[EXERCISE DESCRIPTION] In the listing below, print exactly the lines between the line holding "131 Cooper Folly" and the line holding "Attico di lusso", inclusive, and no more.

[EXTRACTED ENTRIES]

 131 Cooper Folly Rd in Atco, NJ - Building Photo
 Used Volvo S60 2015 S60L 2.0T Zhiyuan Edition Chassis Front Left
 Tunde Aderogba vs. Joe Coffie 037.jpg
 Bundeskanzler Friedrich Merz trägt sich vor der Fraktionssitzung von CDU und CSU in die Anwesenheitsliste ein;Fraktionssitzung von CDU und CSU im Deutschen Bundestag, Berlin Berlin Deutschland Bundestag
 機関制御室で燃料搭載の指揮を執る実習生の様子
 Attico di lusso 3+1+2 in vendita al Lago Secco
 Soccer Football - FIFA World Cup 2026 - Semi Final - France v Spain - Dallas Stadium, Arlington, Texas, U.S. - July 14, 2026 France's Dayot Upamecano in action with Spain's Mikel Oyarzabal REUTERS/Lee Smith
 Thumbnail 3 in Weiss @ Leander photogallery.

* * *

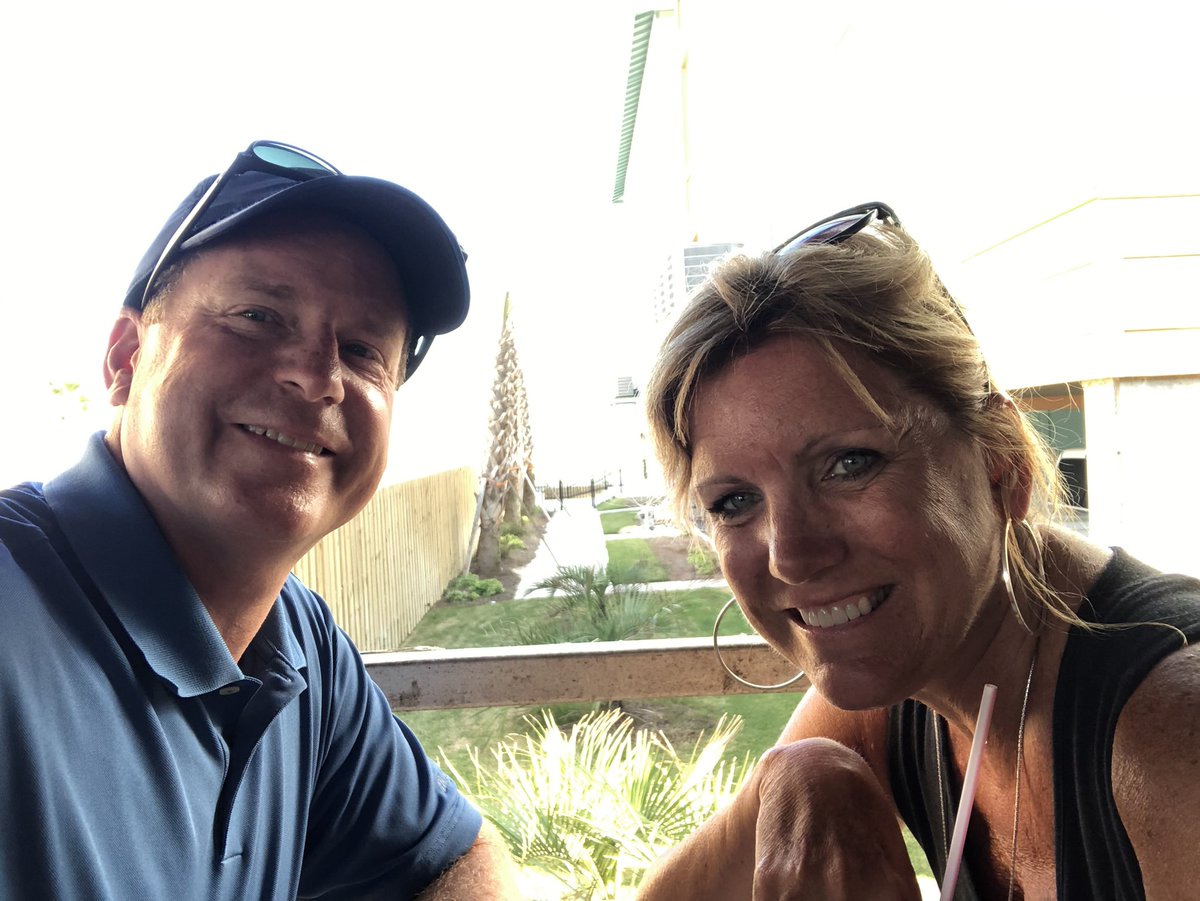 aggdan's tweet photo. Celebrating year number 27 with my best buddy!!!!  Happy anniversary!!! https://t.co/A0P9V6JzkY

[OUTPUT FOR THIS TASK]
 131 Cooper Folly Rd in Atco, NJ - Building Photo
 Used Volvo S60 2015 S60L 2.0T Zhiyuan Edition Chassis Front Left
 Tunde Aderogba vs. Joe Coffie 037.jpg
 Bundeskanzler Friedrich Merz trägt sich vor der Fraktionssitzung von CDU und CSU in die Anwesenheitsliste ein;Fraktionssitzung von CDU und CSU im Deutschen Bundestag, Berlin Berlin Deutschland Bundestag
 機関制御室で燃料搭載の指揮を執る実習生の様子
 Attico di lusso 3+1+2 in vendita al Lago Secco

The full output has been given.